Path: utzoo!attcan!uunet!lll-winken!ames!haven!adm!smoke!gwyn
From: gwyn@smoke.BRL.MIL (Doug Gwyn )
Newsgroups: comp.lang.c
Subject: Re: Broken compilers? (was Re: Comma Operator)
Message-ID: <9382@smoke.BRL.MIL>
Date: 15 Jan 89 00:07:40 GMT
References: <922@quintus.UUCP> <1904@buengc.BU.EDU>
Reply-To: gwyn@brl.arpa (Doug Gwyn (VLD/VMB) <gwyn>)
Organization: Ballistic Research Lab (BRL), APG, MD.
Lines: 21

In article <1904@buengc.BU.EDU> bph@buengc.bu.edu (Blair P. Houghton) writes:
->	printf("%d %d %d\n", (x = 1, y = 2), x, y);
>A while back, someone indicated that they knew of a compiler optimizer
>that would reduce something such as the above (ostensibly through
>constant-reduction) to
>printf("%d %d %d\n", (1,2), x, y);
>or maybe even
>printf("%d %d %d\n", 2, x, y);
>So, you compiler-writing C-programmers, is this thing broken or what?

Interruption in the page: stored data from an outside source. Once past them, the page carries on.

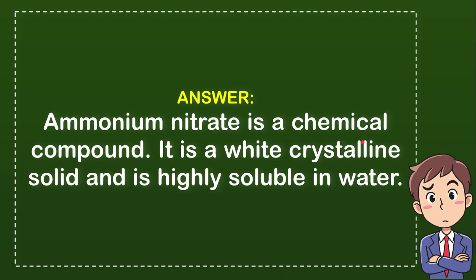and is highly soluble in water. So be careful when you have ammonium nitrate close to you.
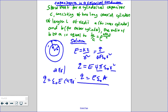2πrL is the area of the curved part of the Gaussian surface. At the ends or caps of the cylinder there is no flux, so our equation reduces to: electric field E equals Q over 2π permittivity r L.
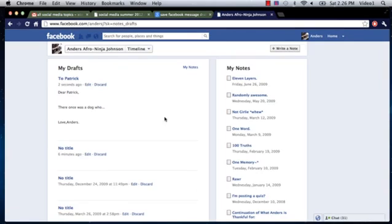And now within your Notes dialog, you can find your drafts. My name's Anders, and today we talked about saving a message draft in Facebook.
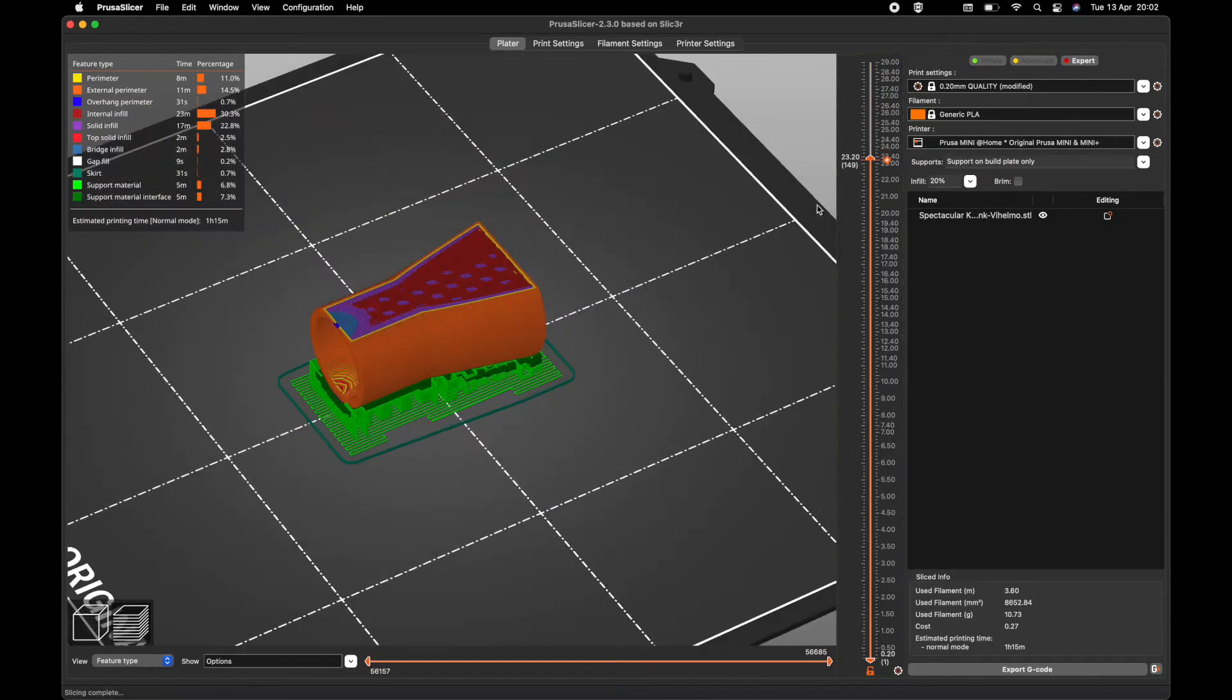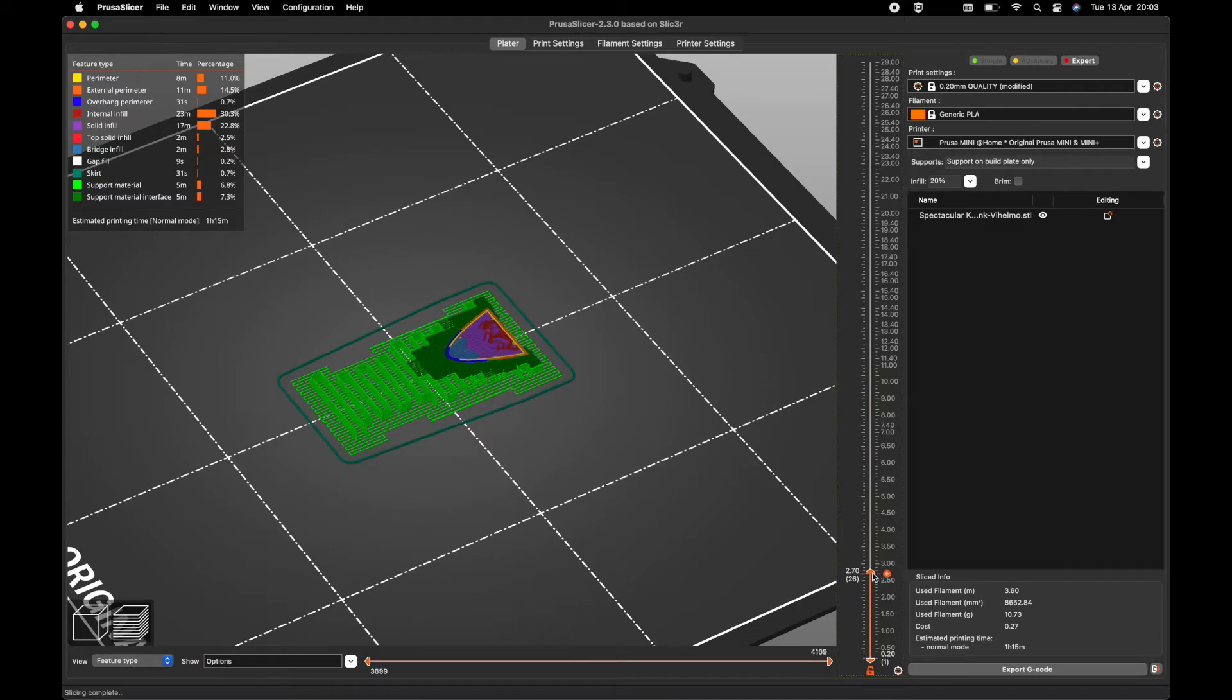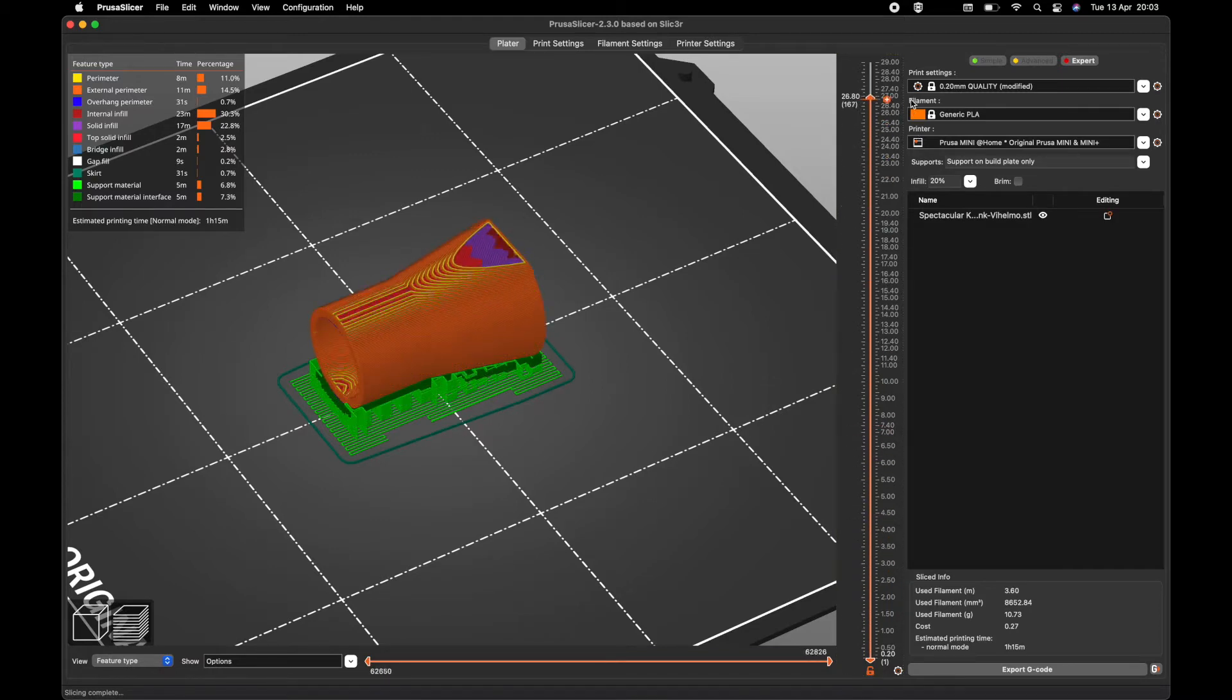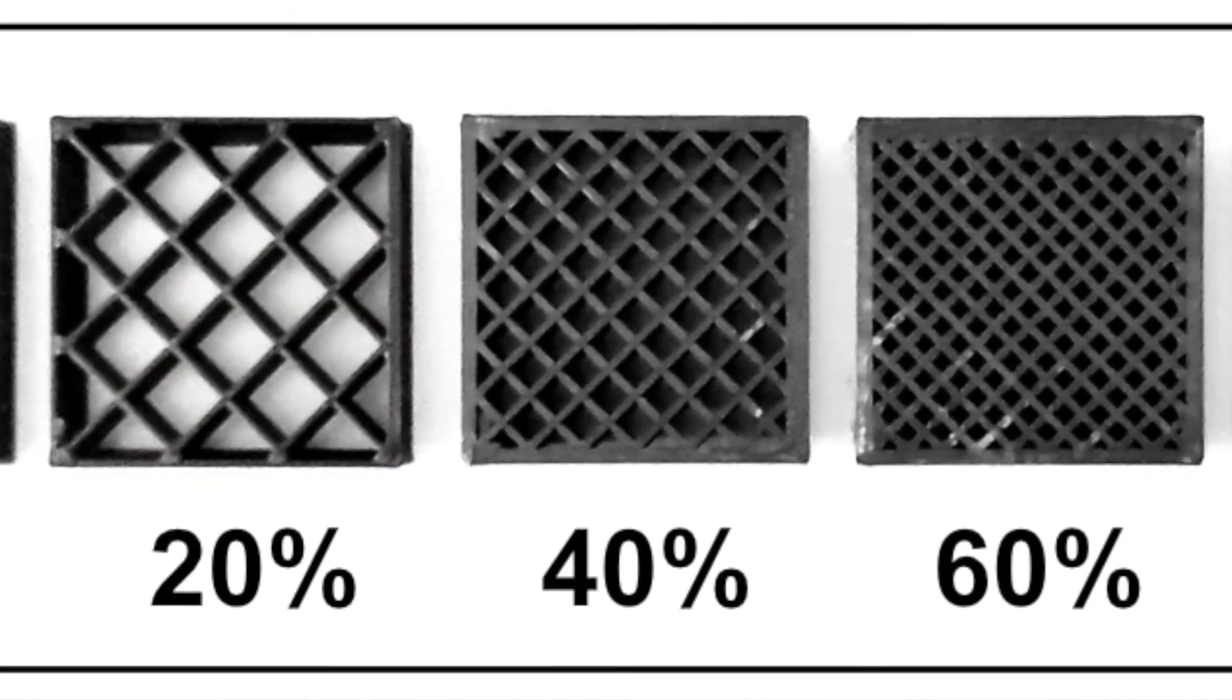You should also define aspects that affect the object's integrity and looks. For instance, you can define the infill density and also the infill pattern.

The second reduction is of course equivalent to the first.
However, both are broken (assuming x or y is used afterwards),
because after the statement containing printf(), x is required
to contain the value 1 and y must contain the value 2.  Leaving
their contents unchanged is not permitted (unless the program
cannot detect it, e.g. if their values are afterwards unused).

>I mean, the assignment itself is not an expression per se, but a statement,

No, assignments are expressions, not statements.  Sticking a semicolon
after an expression turns it into a statement.